A Swiss-ish guy in a kilt
We are sitting in the aula, all dressed up and teary eyed and melancholically proud. It’s the final day for the oldest kids: there will be boring speeches and music and more boring speeches and more music and more bland dull boring speeches and then they will get their diplomas and that will be it. They will walk out these doors for the last time, ready for the world.
In the front row, next to the director, sits a guy in a kilt. I remember him. He met us when we arrived here in Switzerland four years ago and implored us in a markedly Scottish accent to let our kids learn Norwegian at school. It’s vital for them to master their mother tongue, he said, to stay connected to their roots.
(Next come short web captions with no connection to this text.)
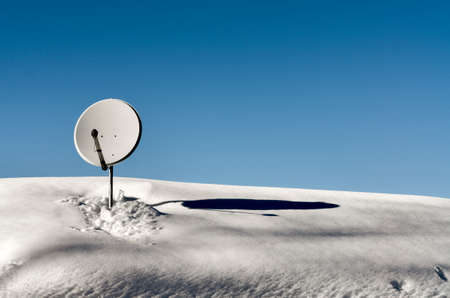 Sattelite dish Placed on the roof of mountain house covered of snowの写真素材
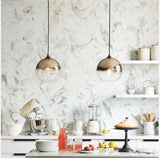 Aurell Glass Chandelier close-up – globe design | OroDwell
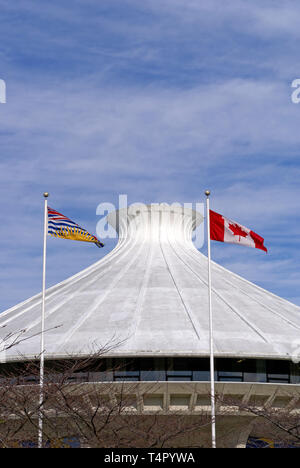 Canadian and British Columbia flags with H.R. MacMillan Space Centre planetarium in background, Vancouver, BC, Canada Stock Photo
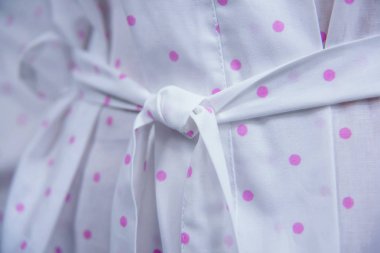 Pamuk bornoz. Tekstil. Beyaz elbise ile bir pembe polka dot yazdırma. Kumaş dokusu. Pamuk. Bornoz kemer insanlar. Otel ve otel için giyim. Kadın. Kol.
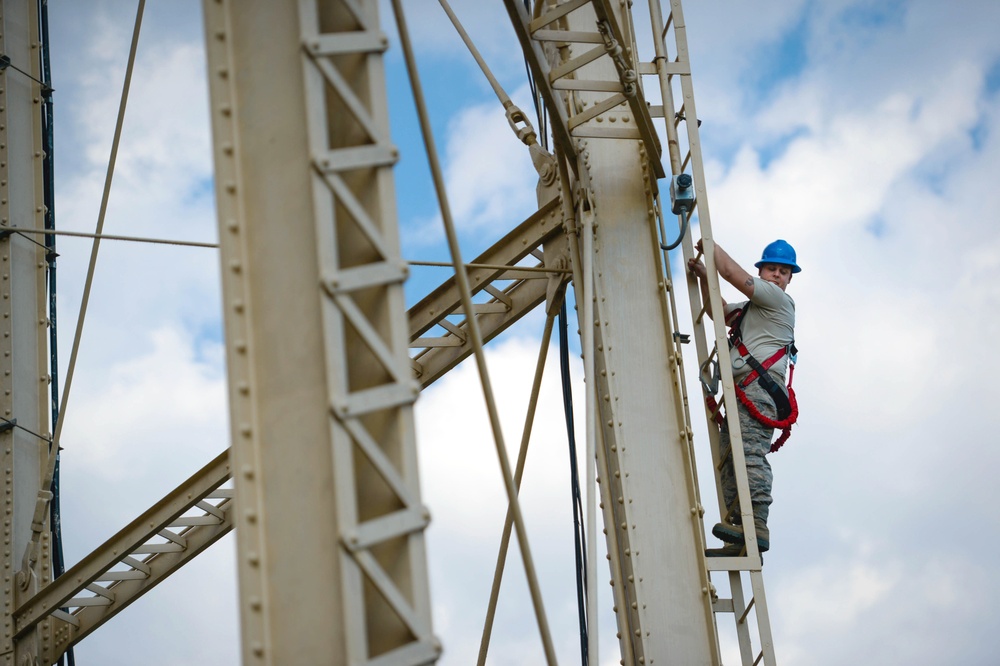 Going up: Airmen climb water tower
Yeah, yeah, I said, they’ll be fine, we speak Norwegian at home and I used to be a Norwegian teacher, so…
Aye, he interrupted, you like languages? So you know how important they are. In my experience…
Yes, I said, but sorry, we have to go, we have to speak with other teachers.
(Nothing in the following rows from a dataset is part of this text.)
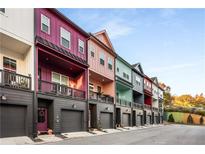 Colorful townhome exteriors show unique architectural design and curb appeal in residential community at 160 Color Cir, Atlanta, GA 30317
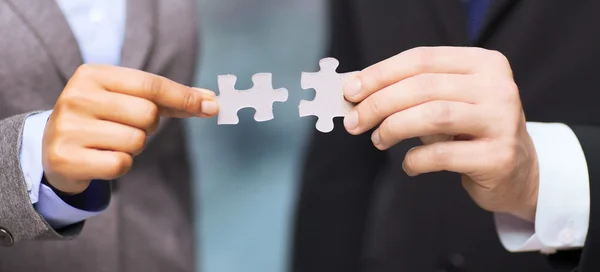 Businessman and businesswoman with puzzle pieces — Stock Photo, Image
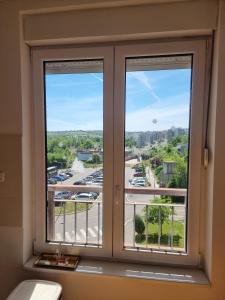 a window with a view of a parking lot at Vels Suite - Cozy Oasis & Free Parking in Voždivac +12 photos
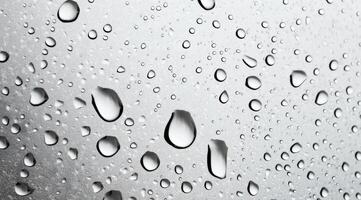 Close-up of raindrops on a glass surface during a rainy afternoon in a quiet urban setting photo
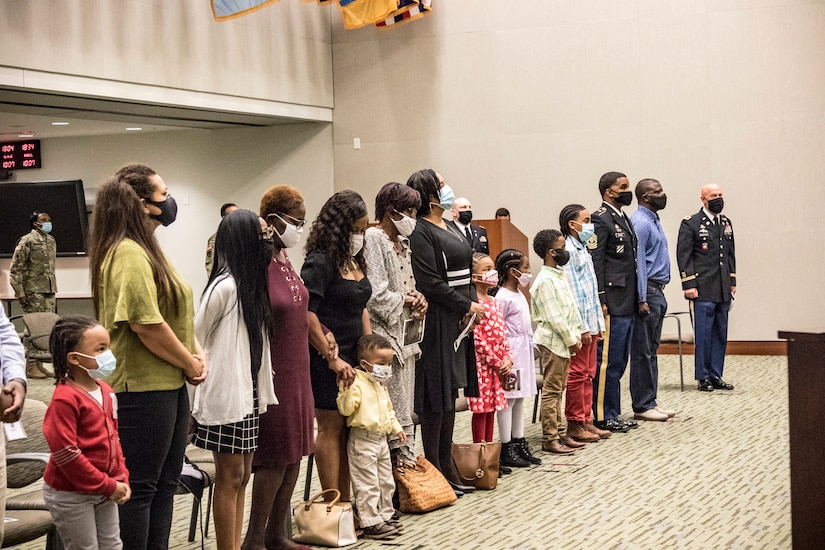 The Rouse family stand to the playing of the retirement medley at U.S. Army Central headquarters on Shaw Air Force Base, S.C., Oct. 7, 2020. The Rouse family were together to attend Tyris' retirement ceremony which turned out to be a surprise reunion for Eldridge and the family. (U.S. Army photo by Pfc. Keon Horton)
And as we walked away, my wife whispered, in case he understood Norwegian: he seems like someone you might like to get to know? Maybe have a coffee with him?
Yeah yeah…
And somehow, he says all the things I would have wanted to say. And somehow, he says it in an accent I know and cherish. Where others were bland and generic, he takes a stand and makes sure we all understand that solidarity is important, with everyone, and that it’s vital to use your influence for good, and that, yeah, it’s important to keep your own roots at the same time. And then he quotes not Homer, not some German philosopher, but a union leader from Glasgow.
Huh, my wife whispers, he seems like someone you would have liked to get to know? Maybe you should have had a coffee with him these four years?
I look at my son and his friends.
Then I wipe away another tear. Stealthily.